Leading up to the release of Endless Now Male Bonding said they were looking to shake the lo-fi label of Nothing Hurts; and to do so they hunkered down in Dreamland Studios, a converted church in Woodstock, New York, with studio vet John Agnello (Dinosaur Jr., Sonic Youth, among many, many others). Compared to Nothing Hurts, Endless Now sounds like the band spent the past year vigorously scrubbing away all the grit and grime and then decided to dowse the masters in Clorox just to make sure. Hyperbolic? Yeah – it’s not like Male Bonding are no longer sound like a punk band. But still, though the rubbery bass line of “Tame The Sun,” which kicks off Endless Now, is quick and crackles just enough, when the rest of the band bursts in the pace seems to slow the slightest bit, the drums steady and almost cautious, the space between each strum of the guitar greater. At first it sounds sloppy and dull. At first all I could think was: ‘Damnit, this is gonna be a serious bummer.’

But what Male Bonding sacrifice in frenzied inhibition and garage aesthetics, they make up for in confidence and clear cohesion. Here the vocals and harmonies are pushed forward so that they waft calmly, sweetly, over the ruckus underneath; John Arthur Webb’s scuzzy guitar is given the room it deserves to breathe; and perhaps best of all, the superb drumming of Robin Silas Christian has been unleashed – there are few things more satisfying on this record than the myriad metallic pops of Christian’s snare rolls, especially those that build from mush to single distinct cracks.

From the wailing guitar licks that pierce through “Tame The Sun” to the rumbling bass and tom-toms during the verse of “Mysteries” that sporadically give way to quick guitar skronks before bursting into one of the record’s biggest choruses, it’s hard not to get lost in Endless Now. The epic first single “Bones” swirls restlessly for over six-minutes, and though it’s far from the record’s most exhilarating track, the mesmerizing, reverb-soaked haze and, again, those distant, swooning vocals wash over you and undoubtedly set the tone for the rest of the record. Even at its most vigorous, like hook-riddled highlights “What’s That Scene?” and “Channeling Your Fears” there’s this ennui that holds steady throughout Endless Now, whether its the band descending into a dissonant, minimal bridge, or the generally slower pace (again, compared specifically to Nothing Hurts), or simply the fact that you can only pick out about half the lyrics while you convince yourself that you totally understand the rest.
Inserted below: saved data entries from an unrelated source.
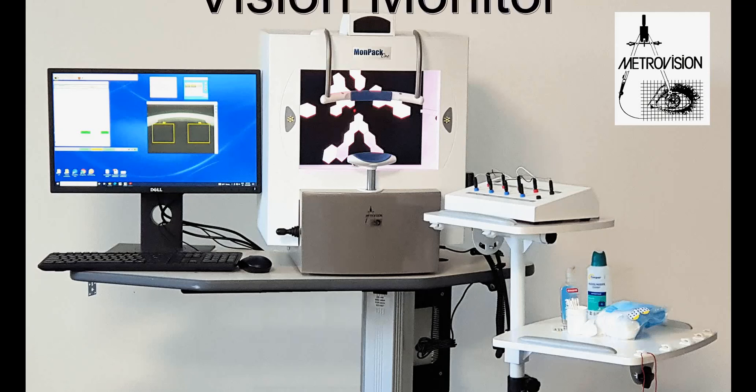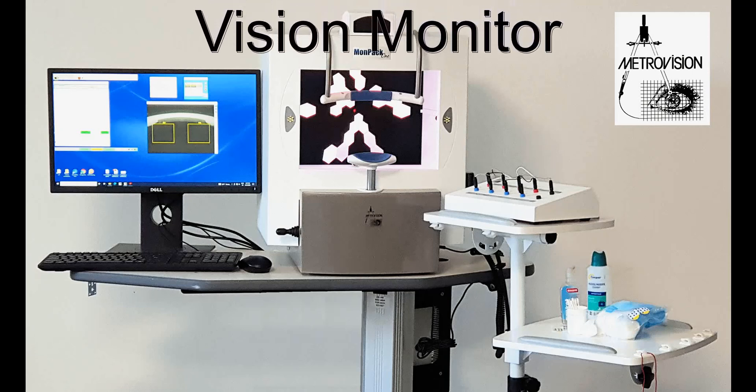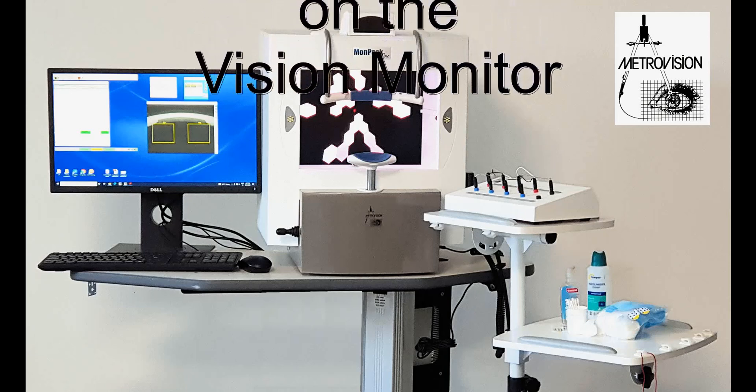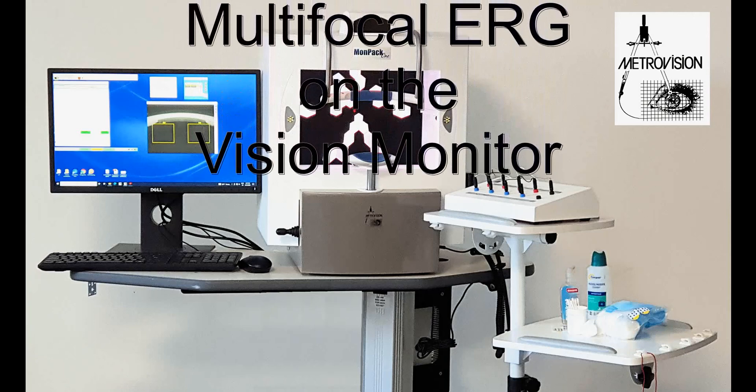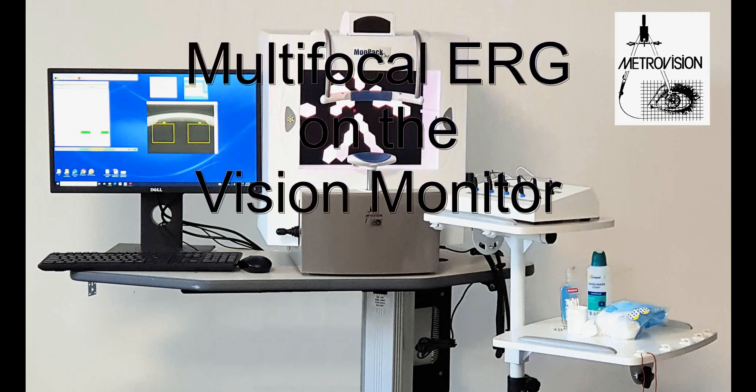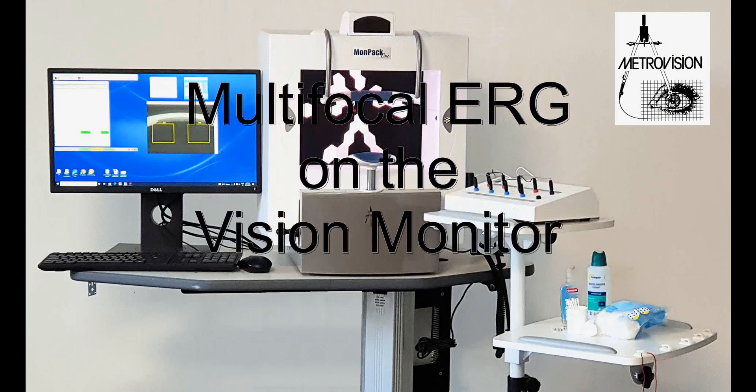Hello everybody, I would like to show you today how to realize a multifocal ERG exam on the Vision Monitor system.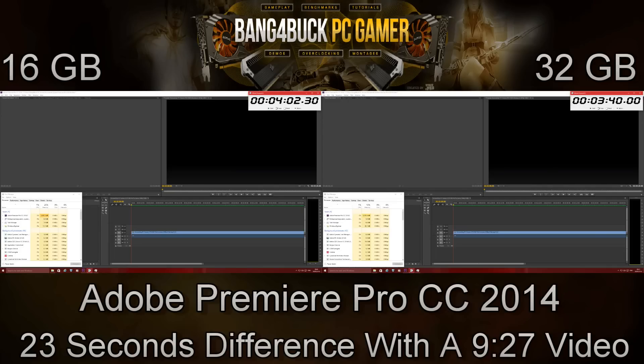Obviously when it comes to gaming, there is no difference at all currently because no game really uses more than 16GB of memory. So that's pretty much it guys, hopefully you enjoyed the video, and as always, thanks a lot.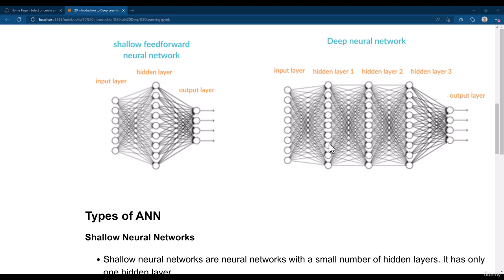The problem is that deep networks are heavy networks. These type of networks take time to train and also take larger space for the storage of the model, whereas shallow networks don't take much storage space.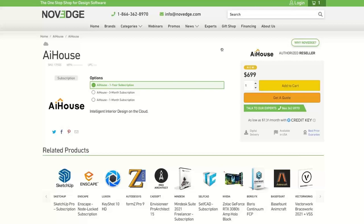Check us out at Novege.com, especially if you want AIHouse. Give us a call — there are trials available. There are no questions, which I'm shocked about, but considering how easy you made it look and how many questions you anticipated, I'm not surprised. Thank you again, and goodbye to everybody. Thank you for joining us today — looking forward to selling lots of AIHouse licenses because I know it's going to take off pretty soon. Thank you so much, have a great rest of the day. Bye-bye everybody.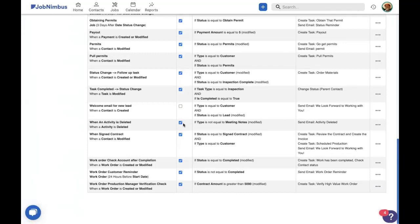And we hope that you found some value in using custom fields and automations together to really make your work orders work for you.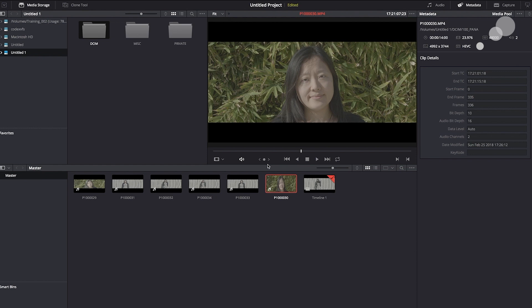Before I go into the coloring, notice this shot's metadata — we have a photosite count of 4992 by 3744. We set the camera up for 6K and the actual count is a little less than that, which is just interesting to note. It's also in an HEVC codec, which is H.265 — a more efficient and appropriate codec for 4K and beyond capture.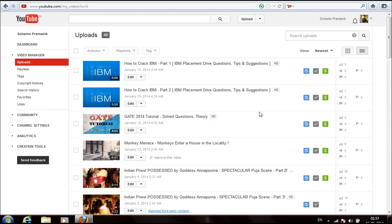Hello guys, today I'm going to show you how to resolve matched third party content. This is a very common copyright notification in YouTube.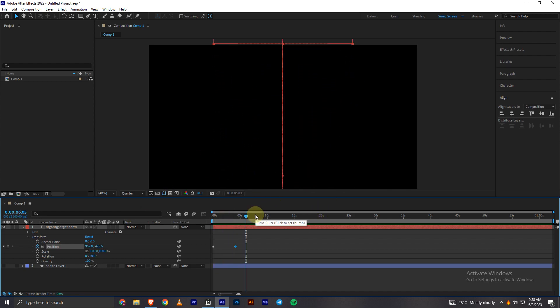So that's how we can easily make a scrolling effect in Adobe After Effects. So that's it for today's video. Hope you found this video informative. If yes, please like, share, subscribe, and thanks for watching.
It can be frustrating at times, almost as if you feel like you could will the band to make this line clearer here or turn up the distortion a bit more there.

But then you get the pure pop-punk gold of “Dig You,” which ends in a vamp of detached joy: The lyrical hook – “Know that it won’t go / Know that it won’t go” – sung over and over complete with harmonized guitar licks and freaking hand claps, until finally the song comes to its logical conclusion, that incomplete phrase landing solidly, expectantly, wonderfully, “Know that it won’t goooo awayyyy.” And, of course, it’s these moments of pop clarity that truly make Male Bonding a unique band, but also put them in a peculiar position with Endless Now. As wonderful as this record is, there are points where you can’t help but feel it’s missing something, that it might just be the slightest bit better if it had the anxious tumult of their first record. But to want that is to want Male Bonding to not progress as a band, to not push themselves further. So think of Endless Now as a sturdy yet slightly uncertain move forward, but a step in the right direction nonetheless.